Most of all, Lim casts a skeptical eye on the fact that Coppola is the “supremely well-connected daughter of Francis Ford Coppola” and that this has dictated her interest in filming what he calls “the luxe life.” (Again, have you seen the decidedly middle-class The Virgin Suicides?) No one doubts that her family ties have helped her, but they didn’t bring her the multiple awards she’s received, including a Golden Globe (for Lost in Translation) and the Golden Lion (for her current film Somewhere). And I ask you, Mr.
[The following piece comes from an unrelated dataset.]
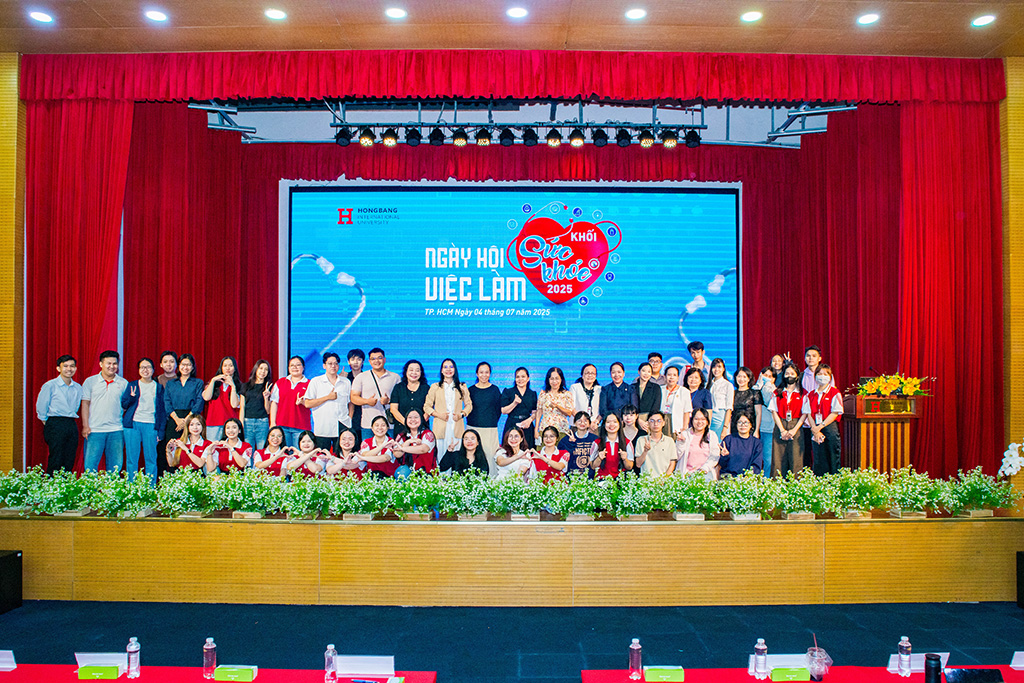 Đại diện các đơn vị ứng tuyển, giảng viên và sinh viên HIU chụp ảnh lưu niệm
Lim, have you ever described Jeff Bridges, Michael Douglas, Charlie Sheen, Kiefer Sutherland, Jaden Smith, director Jason Reitman, or even Coppola’s cousins Jason and Robert Schwartzman as the “supremely well-connected son of …”?
Turning to Lim’s sexist and patronizing dismissals, let’s tick through some of his charges:
- Her work is predictable
- Her work is somehow about herself
- Her work is solipsistic
- She got where she is due to nepotism
- Her films only portray the cloistered elite, because that’s all she knows
- She is well known to love fashion, “which seems to have contributed to a perception that there is something frivolous about her films” (we here at Feminéma LOVE the use of the passive voice!)
- She has responded to past criticism by turning her film Somewhere into a minimalistic film about a male perspective
- Her films are “delicate”
- Coppola displays a “lack of awareness” about her films as a group, a lack of awareness Lim calls either “blissful or protective” (hang on, she’s both solipsistic and blissfully unaware?)
Great job, Dennis Lim! Let’s hope that your own supremely well-connected work with The New York Times, The Los Angeles Times, Moving Image Source, the Museum of the Moving Image, The Village Voice, The Village Voice Film Guide, the National Society of Film Critics, the Brooklyn Academy of Music, the 2010 Robert Flaherty Film Seminar, and many film festivals including New York, San Sebastian, Vancouver, Tribeca, and South by Southwest Film Festivals — to name only a few I found online — permits you to continue to offer such useful assessments of one of the very few top-shelf female directors in the world. The New York Times does it again!